Success – at what price?

The sordid issue of drugs in sport takes us back to the Dubin Inquiry in Canada following the Ben Johnson episode at the Olympic Games in Seoul, South Korea, 1988. The Inquiry revealed that the physician involved in the case, Dr Jaime Astaphan, appeared to have suggested that athletes were taking drugs to enhance their performances anyway and it was better that they did so under the supervision of a qualified physician rather than risk injuring themselves by doing it without such assistance.

Interestingly, despite the fact that WADA has made significant strides in the unearthing of drug cheats in sport there seems to be little reduction in the incidence of such cases in the many sports being practised today.

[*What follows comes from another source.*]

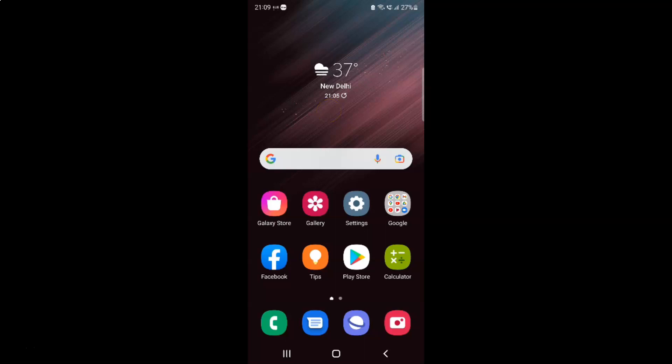Hi guys. In this video I will show you how to change font size on Samsung Galaxy S22 Ultra. So this is my Samsung Galaxy S22 Ultra device. So let's start.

Recent revelations by one of the greats of golf indicates that he has been informed by two current players of the game that they have used drugs to better their performance in the field.

For some time we have had revelations that the sport of Tennis has been tainted somewhat by the use of drugs by some of its athletes.

The sports of archery and shooting have also come under scrutiny for the possible use of marijuana by some athletes to steady their nerves while competing.

In athletics there has been a recent trend towards checking long distance athletes for the use of EPO, the same drug used by some cyclists involved in endurance events.

Many are today asking the question, who is to blame?

Many international sports federations insist that the athlete is responsible for what is found in his/her body when tested. The athletes claim, at least initially, that they never knowingly took the drugs found in their bodies. Coaches and physicians are rarely called upon to offer explanations for and on behalf of the athletes who have been caught in the widening drug net.